This method will work but will require a large grid and consequently be quite slow. And order of magnitude or two faster than this is possible if you are clever.
Given the exercise boundary, the American Option Price can be written exactly as a one-dimensional integral. That is the key insight to this superior method.
( I'm a fixed income quant, so I didn't look for it until now.) For a more advance model than Black-Scholes, e.g. local vol I don't expect it can be extended, and one would then need use some PDE based method.
Your intuition is quite correct. These methods (Leif et al) do not extend well to different boundary or intermediate conditions that are quite necessary in real life scenarios. AFAIK, there are a few teams on the Street that do fairly advanced numerical analysis, but most resort to Monte Carlo or some statistically-informed perturbation theory.
(I wish I could talk more, but yeah, legal obligations)

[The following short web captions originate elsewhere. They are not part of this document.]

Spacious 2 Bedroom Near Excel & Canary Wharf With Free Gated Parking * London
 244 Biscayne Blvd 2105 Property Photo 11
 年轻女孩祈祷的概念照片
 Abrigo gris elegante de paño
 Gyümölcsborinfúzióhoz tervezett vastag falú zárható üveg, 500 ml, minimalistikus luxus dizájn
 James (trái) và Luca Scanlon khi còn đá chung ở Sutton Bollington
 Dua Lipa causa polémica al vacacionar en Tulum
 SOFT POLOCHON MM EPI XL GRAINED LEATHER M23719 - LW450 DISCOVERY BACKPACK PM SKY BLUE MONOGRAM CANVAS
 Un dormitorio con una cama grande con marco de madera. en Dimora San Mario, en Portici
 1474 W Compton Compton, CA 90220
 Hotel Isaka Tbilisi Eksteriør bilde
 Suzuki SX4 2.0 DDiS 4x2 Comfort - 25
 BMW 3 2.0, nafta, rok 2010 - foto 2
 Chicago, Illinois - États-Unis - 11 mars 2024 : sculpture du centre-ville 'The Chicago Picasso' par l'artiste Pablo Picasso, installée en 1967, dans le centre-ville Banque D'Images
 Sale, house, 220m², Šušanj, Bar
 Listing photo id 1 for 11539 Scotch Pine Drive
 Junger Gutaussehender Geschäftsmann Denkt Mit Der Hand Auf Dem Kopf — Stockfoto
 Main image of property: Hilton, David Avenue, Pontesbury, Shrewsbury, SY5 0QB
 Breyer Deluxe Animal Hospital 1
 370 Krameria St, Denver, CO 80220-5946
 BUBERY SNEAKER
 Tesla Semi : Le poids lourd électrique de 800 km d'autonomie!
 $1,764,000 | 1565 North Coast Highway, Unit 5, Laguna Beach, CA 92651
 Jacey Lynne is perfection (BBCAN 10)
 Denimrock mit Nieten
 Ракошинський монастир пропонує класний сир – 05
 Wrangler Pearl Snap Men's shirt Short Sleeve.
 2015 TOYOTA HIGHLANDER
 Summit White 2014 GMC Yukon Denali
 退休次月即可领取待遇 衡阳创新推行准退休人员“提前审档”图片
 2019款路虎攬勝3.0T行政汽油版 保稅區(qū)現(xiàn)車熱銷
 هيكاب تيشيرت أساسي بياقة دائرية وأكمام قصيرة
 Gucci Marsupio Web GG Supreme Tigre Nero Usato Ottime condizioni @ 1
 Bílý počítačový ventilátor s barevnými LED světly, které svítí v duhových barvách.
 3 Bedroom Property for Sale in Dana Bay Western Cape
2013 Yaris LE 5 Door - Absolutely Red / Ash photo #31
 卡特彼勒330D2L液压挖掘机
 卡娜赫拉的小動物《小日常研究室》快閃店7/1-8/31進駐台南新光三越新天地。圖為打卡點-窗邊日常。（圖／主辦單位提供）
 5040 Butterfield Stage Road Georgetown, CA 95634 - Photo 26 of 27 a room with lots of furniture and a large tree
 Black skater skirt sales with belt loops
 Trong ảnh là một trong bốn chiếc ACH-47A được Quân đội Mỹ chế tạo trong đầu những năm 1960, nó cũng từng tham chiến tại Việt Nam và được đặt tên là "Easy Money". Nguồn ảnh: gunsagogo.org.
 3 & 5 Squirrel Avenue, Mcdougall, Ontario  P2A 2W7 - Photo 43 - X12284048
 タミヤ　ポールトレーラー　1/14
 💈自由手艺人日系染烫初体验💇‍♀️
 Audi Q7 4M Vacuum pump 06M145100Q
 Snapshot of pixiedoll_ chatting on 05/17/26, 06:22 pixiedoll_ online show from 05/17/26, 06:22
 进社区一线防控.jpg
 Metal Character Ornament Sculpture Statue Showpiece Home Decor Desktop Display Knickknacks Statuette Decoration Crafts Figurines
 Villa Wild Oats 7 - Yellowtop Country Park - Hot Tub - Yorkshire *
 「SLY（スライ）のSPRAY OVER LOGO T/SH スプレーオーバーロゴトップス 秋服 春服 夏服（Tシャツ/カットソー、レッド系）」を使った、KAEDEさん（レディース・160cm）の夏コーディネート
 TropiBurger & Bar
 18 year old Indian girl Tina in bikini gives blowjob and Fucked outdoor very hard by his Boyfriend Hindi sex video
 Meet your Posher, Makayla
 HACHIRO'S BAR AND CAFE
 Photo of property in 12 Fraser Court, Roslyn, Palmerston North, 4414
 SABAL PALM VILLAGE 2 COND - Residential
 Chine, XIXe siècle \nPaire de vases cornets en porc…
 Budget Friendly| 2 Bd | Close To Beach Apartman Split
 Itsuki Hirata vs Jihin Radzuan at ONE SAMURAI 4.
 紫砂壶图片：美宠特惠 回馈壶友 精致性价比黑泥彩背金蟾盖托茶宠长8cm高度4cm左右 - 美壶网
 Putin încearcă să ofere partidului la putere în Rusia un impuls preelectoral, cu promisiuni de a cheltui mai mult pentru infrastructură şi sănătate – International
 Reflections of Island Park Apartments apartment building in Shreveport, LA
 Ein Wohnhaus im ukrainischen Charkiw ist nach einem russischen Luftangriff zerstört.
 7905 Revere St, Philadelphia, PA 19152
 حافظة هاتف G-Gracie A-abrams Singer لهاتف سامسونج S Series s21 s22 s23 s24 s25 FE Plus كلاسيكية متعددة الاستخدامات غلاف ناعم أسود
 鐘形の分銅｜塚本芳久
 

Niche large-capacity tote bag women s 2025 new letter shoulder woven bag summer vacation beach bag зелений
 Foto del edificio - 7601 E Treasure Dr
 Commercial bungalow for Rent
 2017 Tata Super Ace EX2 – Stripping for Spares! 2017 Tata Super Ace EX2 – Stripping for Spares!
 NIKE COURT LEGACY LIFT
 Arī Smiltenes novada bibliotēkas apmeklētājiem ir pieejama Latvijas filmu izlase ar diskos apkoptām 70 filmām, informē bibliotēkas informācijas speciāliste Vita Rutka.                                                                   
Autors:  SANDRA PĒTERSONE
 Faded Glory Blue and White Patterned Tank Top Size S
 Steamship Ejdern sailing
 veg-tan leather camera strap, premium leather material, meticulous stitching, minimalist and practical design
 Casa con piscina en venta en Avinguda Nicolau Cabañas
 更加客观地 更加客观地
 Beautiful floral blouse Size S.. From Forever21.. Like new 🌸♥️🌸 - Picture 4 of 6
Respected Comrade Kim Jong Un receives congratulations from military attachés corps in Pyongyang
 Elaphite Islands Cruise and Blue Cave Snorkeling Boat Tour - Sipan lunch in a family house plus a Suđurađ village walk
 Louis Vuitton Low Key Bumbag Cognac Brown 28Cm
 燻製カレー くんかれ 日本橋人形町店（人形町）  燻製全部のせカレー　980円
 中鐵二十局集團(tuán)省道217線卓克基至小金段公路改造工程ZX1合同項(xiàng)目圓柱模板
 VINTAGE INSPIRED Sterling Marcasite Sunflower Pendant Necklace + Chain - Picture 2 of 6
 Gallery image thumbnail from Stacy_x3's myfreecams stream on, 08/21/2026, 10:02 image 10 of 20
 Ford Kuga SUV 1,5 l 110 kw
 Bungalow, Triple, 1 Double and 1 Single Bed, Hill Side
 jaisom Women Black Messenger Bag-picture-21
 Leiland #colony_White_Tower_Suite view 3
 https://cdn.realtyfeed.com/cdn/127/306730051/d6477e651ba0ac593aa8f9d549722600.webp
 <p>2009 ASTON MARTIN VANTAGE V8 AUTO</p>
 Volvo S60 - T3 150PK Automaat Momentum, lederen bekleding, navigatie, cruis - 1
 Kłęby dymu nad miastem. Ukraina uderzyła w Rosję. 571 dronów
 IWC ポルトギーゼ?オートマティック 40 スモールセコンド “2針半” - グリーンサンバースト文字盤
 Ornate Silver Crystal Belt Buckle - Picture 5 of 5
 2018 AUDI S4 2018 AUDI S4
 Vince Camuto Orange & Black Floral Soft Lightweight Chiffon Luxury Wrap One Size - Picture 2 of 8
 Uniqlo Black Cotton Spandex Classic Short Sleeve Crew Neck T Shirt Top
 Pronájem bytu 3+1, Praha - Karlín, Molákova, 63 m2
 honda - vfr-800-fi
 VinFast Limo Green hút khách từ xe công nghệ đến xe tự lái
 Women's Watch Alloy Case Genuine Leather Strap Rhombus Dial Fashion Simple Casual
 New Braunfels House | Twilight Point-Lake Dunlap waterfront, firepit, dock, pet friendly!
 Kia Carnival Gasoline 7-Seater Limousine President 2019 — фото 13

Monte Carlo might be ok to OTC derivatives, however for automatic market making of exchange traded option, which are mostly American, it would be too slow.
I go through academic literature on a regular basis, hoping that some kind of really major improvement might magically appear. Usually the ideas are great, but they don’t survive real life equities markets ( from dividends to non convex payoffs, local vol etc )
Crank-Nicolson is probably the least objectionable part of the method, but I prefer ADE.
There are two numerically painful parts of the problem: the advection term and the oscillation inducing terminal condition (because it has a discontiuous derivative). I like to deal with advection by transforming the equation to an advection free equation. I'm under NDA on the best solution to the oscillatory terminal condition so I can't give that one away unfortunately.
Indeed, a transformation (of some kind) is fairly standard, including the derivation for the standard analytic solution for European options.
AFAIK, discontinuous first derivative per se may act as a seed to an oscillation due to its high frequency content that are not captured by any finite resolution algorithm (n.b. Gibbs phenomenon). But it is Crank-Nicolson that characteristically creates these oscillatory problems -- in other words, there are algorithms that can gracefully handle the discontinuity without creating oscillation.
Yeah, the discretization interacts with the oscillation for sure. Full implicit is better than CN with regards to oscillation for instance, but I don't think would be a net win. Running a few implicit steps before switching to CN might help, though I've never tried it.
Real historical data might not cover current market state.
For example, option price among other params depends on the interest rate. For the last decade interest rate was around 0% in Europe and slightly higher in US. If you train on that data only, there is no chance to "learn" option prices in the high-interest-rate environment which we saw for the last few years. Hence, you need synthetic data to learn that region of the market space.